Set down every record below exactly as written.

Start of SOURCE DATA

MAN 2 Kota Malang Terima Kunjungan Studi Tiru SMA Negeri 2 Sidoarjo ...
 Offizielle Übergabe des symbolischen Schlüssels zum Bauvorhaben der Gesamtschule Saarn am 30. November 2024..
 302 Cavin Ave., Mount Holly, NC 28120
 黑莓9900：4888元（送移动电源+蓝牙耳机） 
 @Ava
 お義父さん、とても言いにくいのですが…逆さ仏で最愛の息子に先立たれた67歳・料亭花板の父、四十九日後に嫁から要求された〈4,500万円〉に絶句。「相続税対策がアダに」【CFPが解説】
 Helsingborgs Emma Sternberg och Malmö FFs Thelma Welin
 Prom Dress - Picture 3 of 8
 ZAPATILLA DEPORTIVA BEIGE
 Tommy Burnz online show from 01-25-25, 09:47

End of SOURCE DATA

▶ WRITTEN RESPONSE:
MAN 2 Kota Malang Terima Kunjungan Studi Tiru SMA Negeri 2 Sidoarjo ...
 Offizielle Übergabe des symbolischen Schlüssels zum Bauvorhaben der Gesamtschule Saarn am 30. November 2024..
 302 Cavin Ave., Mount Holly, NC 28120
 黑莓9900：4888元（送移动电源+蓝牙耳机） 
 @Ava
 お義父さん、とても言いにくいのですが…逆さ仏で最愛の息子に先立たれた67歳・料亭花板の父、四十九日後に嫁から要求された〈4,500万円〉に絶句。「相続税対策がアダに」【CFPが解説】
 Helsingborgs Emma Sternberg och Malmö FFs Thelma Welin
 Prom Dress - Picture 3 of 8
 ZAPATILLA DEPORTIVA BEIGE
 Tommy Burnz online show from 01-25-25, 09:47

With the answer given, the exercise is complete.